Local Lessons About Local Food: A Call to Invest in Local Food Infrastructure
This op-ed was originally published by the Montecito Journal on June 4, 2020. See the original version here on page 41.
Food is such a basic human need, but as the COVID-19 pandemic has so sharply illustrated, despite our region’s bounty, our ever more complex food supply chain is not something we can take for granted.
In 2016, Santa Barbara County stakeholders (including the CEC) completed a comprehensive, community-driven strategic plan that provided recommendations for how we grow, distribute, consume, and dispose of food. The pandemic and its impact on our food system has put that groundwork to the test, spotlighting lessons we can learn from failing to adequately prepare for the current crisis.
One of the best ways to support and strengthen our local food supply chain is to purchase regionally-produced food. Look for independently sold, responsibly sourced, fresh and seasonal food. As a result of COVID-19, the market is in flux, but our local farmers markets and some individual farmers, ranchers and fishers are still operating with social distance guidelines in place.
While buying regionally is critical to maintaining a local food supply, that is only part of the puzzle. Like other short-term disaster response efforts, it’s only a Band-Aid to a longer-term problem. To have a truly sustainable and robust local food system that is less vulnerable to outside forces, we need to promote investment in and a regulatory structure that encourages smaller scale, local and/or regional food processing. Local food needs to stay local. Under the “old normal” circumstances, growing food here and then transporting food for processing is highly fossil fuel intensive and wasteful. When cracks in that system start to surface, as they have recently, it becomes even less efficient and even more illogical.

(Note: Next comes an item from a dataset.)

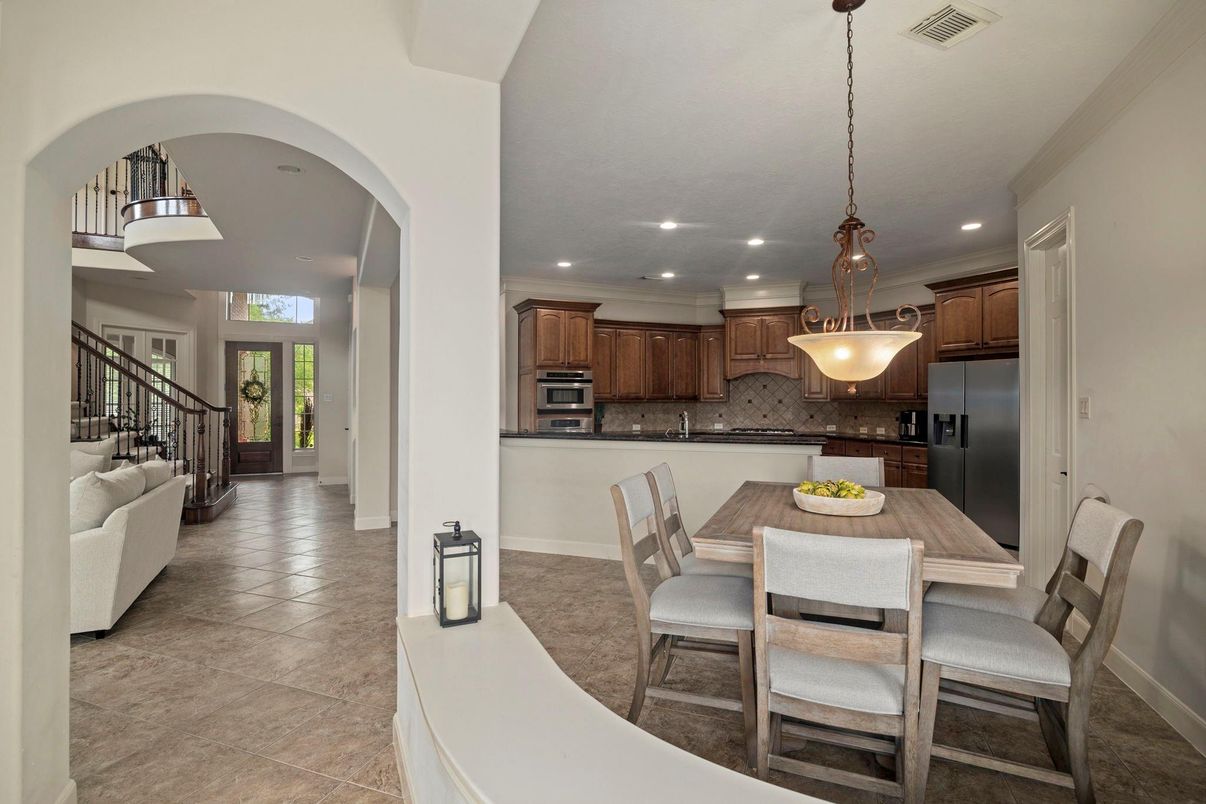Dining room, Interior, Kitchen, Pendant Lights, Recessed Lighting, Stainless Steel Appliances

It will take effort and time to begin to regionalize our food processing, but it can be done.
For example, the Thomas Fire and the subsequent debris flow delayed White Buffalo Land Trust in harvesting their persimmons and getting them to market. Rather than let the fruit go bad, they created a persimmon vinegar product with a local distillery and solidified a new business venture. We’re seeing similar examples today: distillers and other small manufacturers are transitioning their equipment to create emergency products like hand sanitizer and personal protection equipment.

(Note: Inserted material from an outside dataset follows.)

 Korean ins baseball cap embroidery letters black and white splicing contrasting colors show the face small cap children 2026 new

The resilience, ingenuity and grit it’s taken for these businesses to pivot is impressive, but time was lost and perhaps other product lines sacrificed to make this happen. If our region had a grainery, seafood or meat processor, or other food processing systems needed to keep the locally produced food local, we could lighten our carbon footprint, keep more money in the county, have access to the products, and food growers could avoid the price fixing that ensures corporate processors make a profit while local farmers and ranchers barely get by.

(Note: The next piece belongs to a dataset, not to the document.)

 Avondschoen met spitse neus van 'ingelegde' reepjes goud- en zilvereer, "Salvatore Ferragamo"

As cattle rancher and Oklahoma Farmers Union president Scott Blubaugh told CNN, the problem lies in how the corporate food processors treat their workers and farmers, squeezing the growers to increase their profits. He suggests we, “start enforcing antitrust laws that we used to have on the books…. We need to get away from this huge corporate control and international corporations controlling our food system.”
We agree wholeheartedly. This is yet another example of the policy work we need to do, and continue doing once we’re “back to normal.”
This is an excellent opportunity for local impact investors to provide the capital to build regional food processing capacity. This would have huge community benefits: helping to secure the local food system by investing in business, creating jobs and supporting resiliency. Putting this in place will take political will and a clear community vision for greater self sufficiency and resilience.
We were just starting to recover economically from the Thomas Fire when COVID-19 hit. It’s clear that we can no longer send 95% of our products out and import the same products back processed and packaged up. That adds costs — both financially and environmentally — and is a very weak link in our food system.
The CEC has long been active in taking the steps needed to pursue a sustainable food system that balances the carbon equation to mitigate climate change. As the effects of the COVID-19 pandemic demonstrate so clearly, working together to secure our local food supply (while making sure that our workers are treated fairly) is one of the most important ways we can help to ensure a more resilient community.
Sharyn Main has 35 years of experience in philanthropy and the non-profit sector, currently as the Director of Climate Resilience at the Community Environmental Council. She grew up in Santa Barbara and is a fourth generation County resident.